Living Out the Covenant
Your congregation has been on a journey of discernment. You have engaged with our faith, the Holy Spirit, and with the community both within and outside your walls, and you have learned about issues of economic justice. You have covenanted with God and with each other to be a congregation working for economic justice. And you have given some thought to what this will mean for the life of the congregation going forward. You are now ready to live out that faith-based commitment to being a congregation that seeks economic justice.
We hope the covenant you adopted will be posted in a prominent and highly visible location. Please consider adding the designation “An Economic Justice Church” to signage, church letterhead, the Sunday bulletin, and other places both as a witness to the world and to remind the congregation of the commitment it has made.
We hope, as you may also, that the covenant will become part of the ongoing life of the church. Making the commitment to be an Economic Justice Church means the congregation’s witness and work in the world will be different, going forward. To ensure that, there are some steps you can take.
Implementing the Covenant
To implement the goals that are outlined in your congregation’s covenant, consider creating an economic justice committee or task force. This could be a totally new body within the church or it could be an existing body (such as a social justice committee) that takes on this new ministry.
The committee’s first steps
The committee/task force’s first task would be to carefully read the covenant in order to clearly understand the congregation’s intentions for the covenant going forward. Then the group can construct a one- to two-year plan of implementation that include a range of activities focused on economic justice such as worship and prayer, study, and activities – both advocacy and “on-the-ground” engagement – in the local community, the nation, or world. The draft implementation plan could be shared for review and comments with the governing body and others within the church, then distributed to the congregation.
Begin at home
Don’t forget to begin at home. Churches must work to ensure their own employment guidelines are fair, equitable, and humane. If policies and practices within the church are unjust, how can the congregation engage with integrity in economic justice work in the wider community? A thorough reflection on internal practices and values should always precede external actions.
Explore the list of General Synod resolutions that address issues of economic justice.
Ways to Engage provides additional resources and suggestions for engaging in ministries of economic justice.
Keeping It Fresh
Mark the anniversary
Each year the congregation can mark the anniversary of the decision to become an Economic Justice Church by re-reading the covenant together during worship and engaging in other activities to re-commit to and celebrate the decision. At that time, events and activities related to the commitment that happened during the course of the year can be lifted up and celebrated.

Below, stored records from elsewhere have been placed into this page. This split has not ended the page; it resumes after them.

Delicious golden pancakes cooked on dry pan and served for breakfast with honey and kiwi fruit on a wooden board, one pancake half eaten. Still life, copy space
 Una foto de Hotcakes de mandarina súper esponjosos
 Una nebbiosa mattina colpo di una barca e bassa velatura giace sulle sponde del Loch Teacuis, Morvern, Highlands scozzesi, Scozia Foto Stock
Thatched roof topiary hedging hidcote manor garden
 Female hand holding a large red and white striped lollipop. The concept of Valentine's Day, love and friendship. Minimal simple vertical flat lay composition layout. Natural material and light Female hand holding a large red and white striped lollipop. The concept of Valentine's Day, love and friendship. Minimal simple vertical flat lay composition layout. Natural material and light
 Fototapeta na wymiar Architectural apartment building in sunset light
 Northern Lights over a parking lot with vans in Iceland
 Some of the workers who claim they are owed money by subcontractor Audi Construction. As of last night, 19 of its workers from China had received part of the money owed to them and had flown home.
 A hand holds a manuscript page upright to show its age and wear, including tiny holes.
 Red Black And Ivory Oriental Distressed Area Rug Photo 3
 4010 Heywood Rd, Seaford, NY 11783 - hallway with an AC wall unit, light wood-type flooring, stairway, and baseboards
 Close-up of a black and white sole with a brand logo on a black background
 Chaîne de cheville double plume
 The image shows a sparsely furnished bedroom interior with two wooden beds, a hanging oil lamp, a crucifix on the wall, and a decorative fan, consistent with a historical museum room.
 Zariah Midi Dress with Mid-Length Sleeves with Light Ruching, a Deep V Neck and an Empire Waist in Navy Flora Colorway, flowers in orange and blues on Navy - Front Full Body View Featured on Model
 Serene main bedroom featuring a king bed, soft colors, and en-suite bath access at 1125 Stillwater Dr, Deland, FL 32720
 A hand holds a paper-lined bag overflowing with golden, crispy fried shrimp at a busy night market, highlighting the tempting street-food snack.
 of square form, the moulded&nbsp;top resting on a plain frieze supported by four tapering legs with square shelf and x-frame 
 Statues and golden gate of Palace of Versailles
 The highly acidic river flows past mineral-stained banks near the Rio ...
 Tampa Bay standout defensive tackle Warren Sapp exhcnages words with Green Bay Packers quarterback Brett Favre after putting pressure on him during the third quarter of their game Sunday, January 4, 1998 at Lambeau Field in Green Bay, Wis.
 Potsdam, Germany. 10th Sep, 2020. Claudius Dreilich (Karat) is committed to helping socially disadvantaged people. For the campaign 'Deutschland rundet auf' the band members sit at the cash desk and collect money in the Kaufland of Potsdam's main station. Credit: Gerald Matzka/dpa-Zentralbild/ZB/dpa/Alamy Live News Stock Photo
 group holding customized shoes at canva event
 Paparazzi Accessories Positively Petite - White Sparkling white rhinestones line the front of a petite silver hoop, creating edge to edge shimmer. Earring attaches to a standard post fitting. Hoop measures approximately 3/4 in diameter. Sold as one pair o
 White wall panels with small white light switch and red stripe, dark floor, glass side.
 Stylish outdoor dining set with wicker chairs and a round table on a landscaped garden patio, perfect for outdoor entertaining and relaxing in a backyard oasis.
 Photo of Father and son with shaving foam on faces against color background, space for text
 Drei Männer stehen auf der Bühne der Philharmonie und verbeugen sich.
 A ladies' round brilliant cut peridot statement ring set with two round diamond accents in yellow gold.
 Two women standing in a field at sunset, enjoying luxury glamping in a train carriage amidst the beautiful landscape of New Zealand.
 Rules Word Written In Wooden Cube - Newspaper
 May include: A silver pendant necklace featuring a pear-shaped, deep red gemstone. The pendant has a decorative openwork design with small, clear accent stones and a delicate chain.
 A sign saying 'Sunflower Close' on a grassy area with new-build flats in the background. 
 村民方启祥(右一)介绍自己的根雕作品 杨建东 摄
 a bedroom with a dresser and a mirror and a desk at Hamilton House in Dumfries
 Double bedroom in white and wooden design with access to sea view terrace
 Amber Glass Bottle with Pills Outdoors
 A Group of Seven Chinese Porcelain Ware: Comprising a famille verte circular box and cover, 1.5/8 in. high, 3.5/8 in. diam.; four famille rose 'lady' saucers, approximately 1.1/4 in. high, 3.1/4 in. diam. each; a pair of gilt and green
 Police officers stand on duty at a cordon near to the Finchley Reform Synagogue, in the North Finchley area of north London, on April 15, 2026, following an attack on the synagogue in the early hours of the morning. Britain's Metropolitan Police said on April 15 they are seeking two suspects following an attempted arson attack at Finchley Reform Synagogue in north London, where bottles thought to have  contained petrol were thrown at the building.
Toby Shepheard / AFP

Share what you are doing with the wider UCC and your community. Put stories and photos on your web page. Share them with others in your association and conference. Encourage other churches to discern their call to do economic justice. Reach out to the local media, as appropriate. Let us at Justice and Witness Ministries also know what is happen by emailing stories and photos to firstname.lastname@example.org.
There are many ways to engage in ministries and sustain the work. The suggestions offered in Ways to Engage can be used as they are or adapted to fit the needs of your congregation, community, and area. You may also already have ideas for what your congregation will do as an Economic Justice Church. Be led by God and the interests and gifts of the congregation to determine the work you are called to do.
Sustaining the Struggle
At some point, the members of the committee or task force assigned to lead the work of being an Economic Justice Church may hit an emotional and spiritual wall, either individually or as a group. The issues will seem too big. It will seem like conversations need to be repeated over and over. Work may come to a standstill or the group may meet resistance in the church or elsewhere. Group members may feel anxious or maybe even embarrassed about what seems like a lack of progress. Or they may feel angry, sad, or powerless at this moment. As a group or individually, you may wonder if this is the time to quit or quietly fade away.
Anyone who has been involved with social justice work for any length of time has had an experience like this at one time or another. There’s not a way to skip this experience. It’s a normal and natural result of hard work and honest assessment.
However, there’s another side to this, too. This is usually what we’ve experience right before a significant break through. There is an invitation from the Spirit in these moments, an invitation to go deeper. The five very simple things to do offered below are profoundly important. If Jesus needed time to pray, a community of allies, and conversations with others, certainly we do, too.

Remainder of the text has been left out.